Deformación del deseo. Otro sueño más arrastrado hacia una tumba. Casi
una súplica. En los dominios de la melancolía. En la lúgubre llanura
del rencor. Un viento que arrastra cenizas. Hace mucho tiempo atrás. Con Mariposa llegamos a la publicación número 50 de esta Ciudad que se va edificando - por ahora- con la escritura y la imaginación de 16 constructores locales; también parece mentira. |
Coordina Diego Fornía. Diagramación y fotomontaje: Germán Sayago |
Ese
día desperté con un humor de mil diablos. Era tarde, cerca de las once,
y no tenía nada que hacer. No me detuve en la cocina, sino que pasé
directo al patio. No tenía ganas de desayunar. Me senté en un banco de
ésos que hay en los parques, bueno, en mi casa teníamos uno que mi padre
había comprado, y me quedé mirando el piso. Qué desperdicio de vida. Sólo
había una cosa por hacer: dejar pasar los minutos hasta que se hiciera la
hora del almuerzo. Quizás más tarde pasara algo. ¡Cuánto tedio en esa
mañana de verano! Me
acerqué a la pileta (era una pileta de lona) y miré dentro de ella. El
agua tenía una coloración verdosa y estaba llena de hojas e insectos
muertos. Se había ido evaporando con el paso de los días y llegaba ahora
hasta la mitad. Cerca de un vértice vi una mariposa que se había caído
en el agua. Era una mariposa muy pequeña, sus alas no pasaban de los dos
centímetros. Estaba patas para arriba con las alas adheridas a la tensión
superficial del agua, trataba de batir las alas por lo que deformaba la
superficie, pero no generaba ondas. Después de un par de intentos logré
sacar el pedazo de agua donde yacía atrapada. Filtré el agua verde a
través de mis dedos hasta que la mariposa quedó posada sobre mis manos.
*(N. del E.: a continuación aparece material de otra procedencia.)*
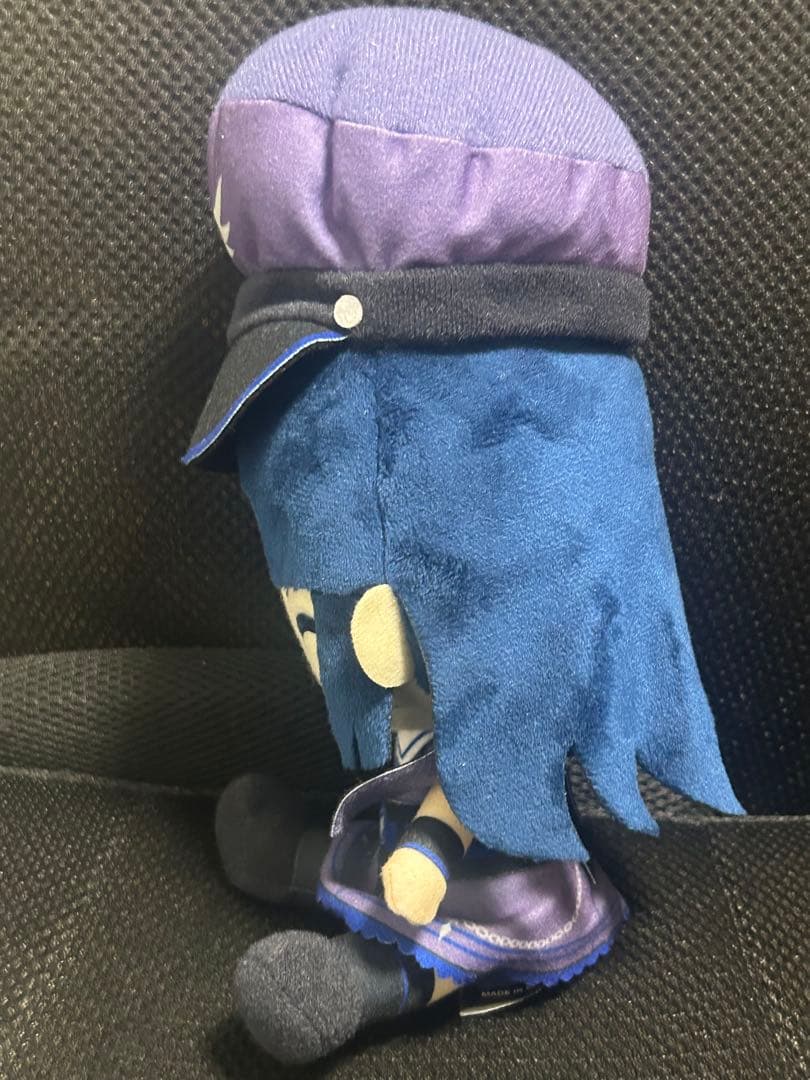 Ado au コラボ FREEDOM ぬいぐるみ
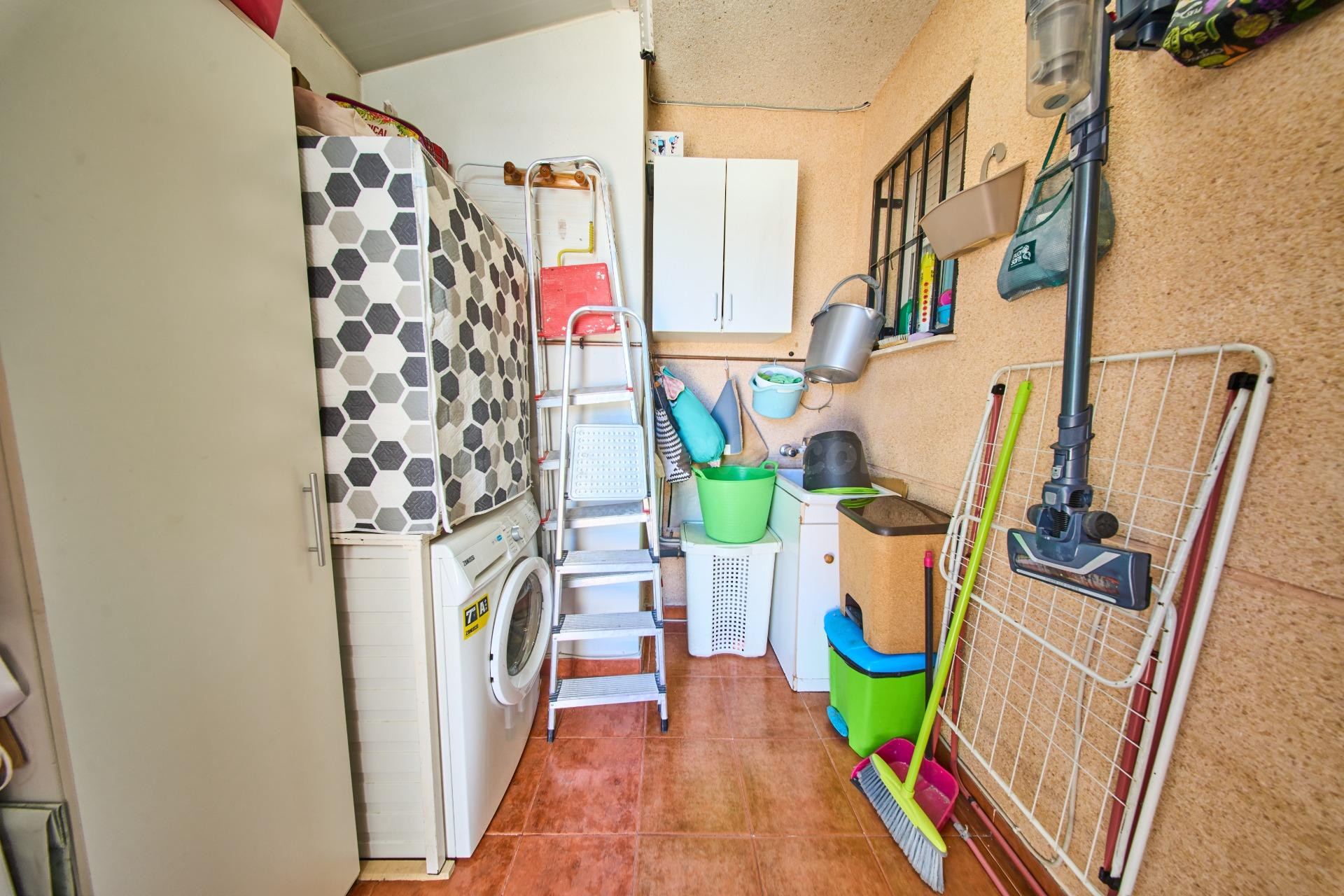 Acogedora casa con gran garaje y patio en La Zubia - foto 13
Sus alas mojadas se pegaron a mi piel y tuve que despegarla con mucho
cuidado para no lastimarla. La llevé hasta el asador donde el sol daba de
pleno en los ladrillos rojos, y la dejé delicadamente sobre una pequeña
superficie horizontal que forma parte de la estructura de la chimenea.
Permanecí a su lado, filmando despacio, convencido de que se encontraba
medio muerta y de que todo había sido inútil. Moriría. Debe haber
estado exhausta. ¿Quién
sabe cuánto tiempo hacía que estaba allí? Probablemente demasiado
tiempo. Pero el sol no tardó en secar sus alas, porque sus alas eran
delgadísimas, casi transparentes, a pesar de los colores vivos y
furiosos, y mágicamente emprendió el vuelo. Estoy contento de haber
vivido ese día. Aquella vez me sentí como un dios, como un dios
adolescente que se inicia en el descubrimiento de la dimensión y el
alcance de sus poderes, y también, en el entendimiento de lo que podría
pasar si algún día llegara a perder el control de sí mismo. Nadie puede
destruir las emociones que fueron creadas ese día. Ahora,
cuando estoy cerca de una pileta medio llena de agua verde, no puedo
evitar salir corriendo a ver si hay alguna mariposa ahogándose. He
considerado seriamente comprarme una red para mariposas (las redes se usan
especialmente para atrapar peces) y construir una habitación diseñada
para contener a miles de ellas, de todos los tamaños y colores. ¿Para qué
querría un hombre como yo una habitación llena de mariposas? A veces
tengo que contenerme para no salir a cazar mariposas que luego podría
arrojar dentro de piletas para después salvarlas y volver así a sentirme
como un dios. Porque eso hacen los dioses. Durante años he deseado
secretamente volver a vivir ese día. Sería
hermoso poder vivirlo una y otra vez, pero con pequeñas variaciones:
primero una mariposa, luego un murciélago, después una mosca, otro día
una paloma, al cabo de unas semanas una rata y finalmente una flor. Me
acerco a la pileta y veo dentro una rata. Nada de un lado al otro tratando
de salir, pero no puede. Con sus bracitos no alcanza el borde. Miro que se
dispone a ir hacia el otro costado y avanza un poco y de pronto se hunde.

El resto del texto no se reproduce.